_GIVEN ENTRIES:_
# # # # #
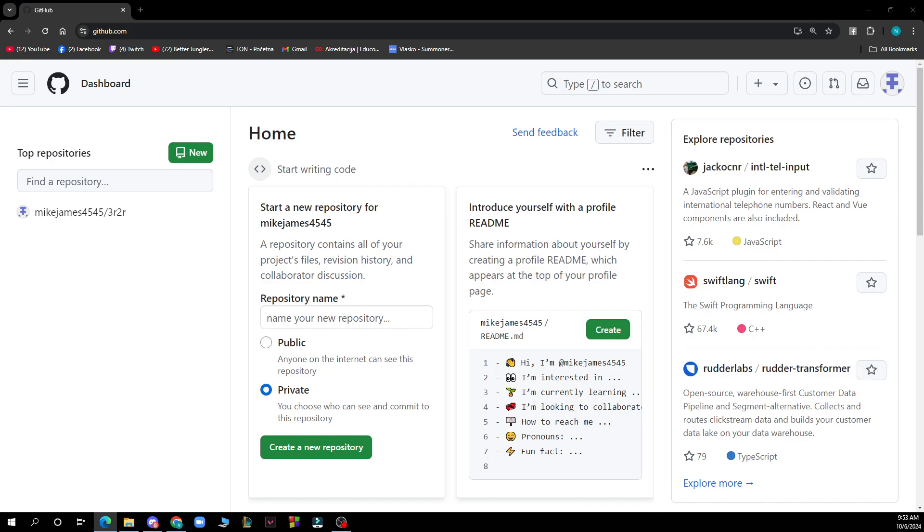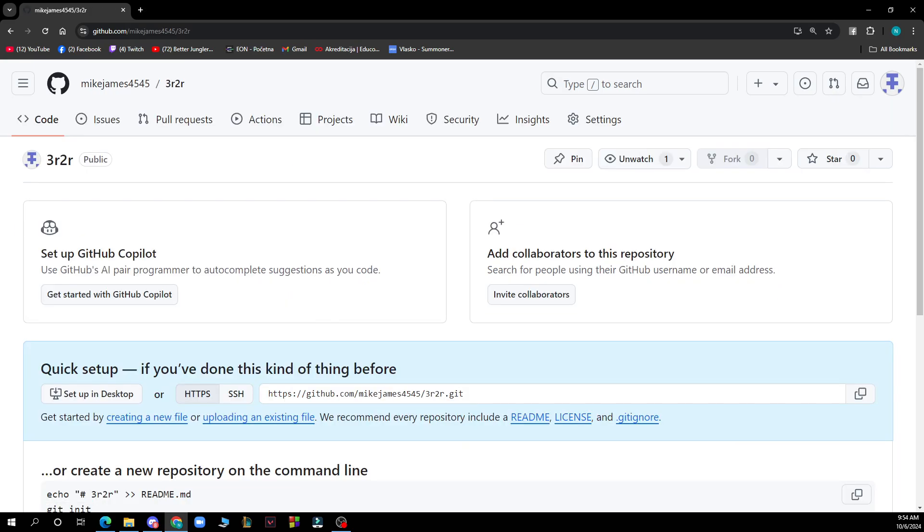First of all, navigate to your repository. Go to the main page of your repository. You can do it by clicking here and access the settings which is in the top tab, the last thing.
# # # # #
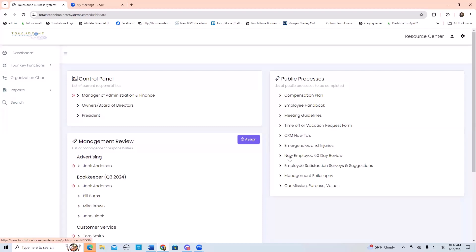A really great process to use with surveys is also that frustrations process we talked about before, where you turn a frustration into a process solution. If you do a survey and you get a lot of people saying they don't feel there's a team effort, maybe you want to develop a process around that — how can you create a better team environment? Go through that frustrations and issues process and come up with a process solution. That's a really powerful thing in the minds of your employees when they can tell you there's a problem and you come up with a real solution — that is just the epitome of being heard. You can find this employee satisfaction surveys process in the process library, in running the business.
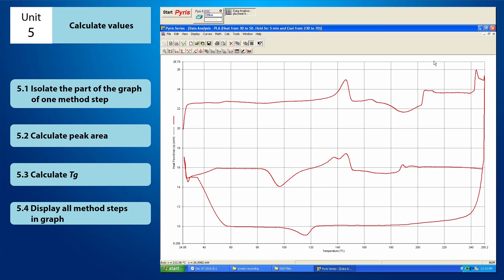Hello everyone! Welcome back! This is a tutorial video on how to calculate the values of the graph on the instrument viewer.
# # # # #
_EXERCISE DIRECTIONS:_ Starting with the line that has "A really great" and going on through the line that has "Hello everyone! Welcome", transcribe the records above exactly, but skip the pictures.

_ANSWER TO THE EXERCISE:_
A really great process to use with surveys is also that frustrations process we talked about before, where you turn a frustration into a process solution. If you do a survey and you get a lot of people saying they don't feel there's a team effort, maybe you want to develop a process around that — how can you create a better team environment? Go through that frustrations and issues process and come up with a process solution. That's a really powerful thing in the minds of your employees when they can tell you there's a problem and you come up with a real solution — that is just the epitome of being heard. You can find this employee satisfaction surveys process in the process library, in running the business.
Hello everyone! Welcome back! This is a tutorial video on how to calculate the values of the graph on the instrument viewer.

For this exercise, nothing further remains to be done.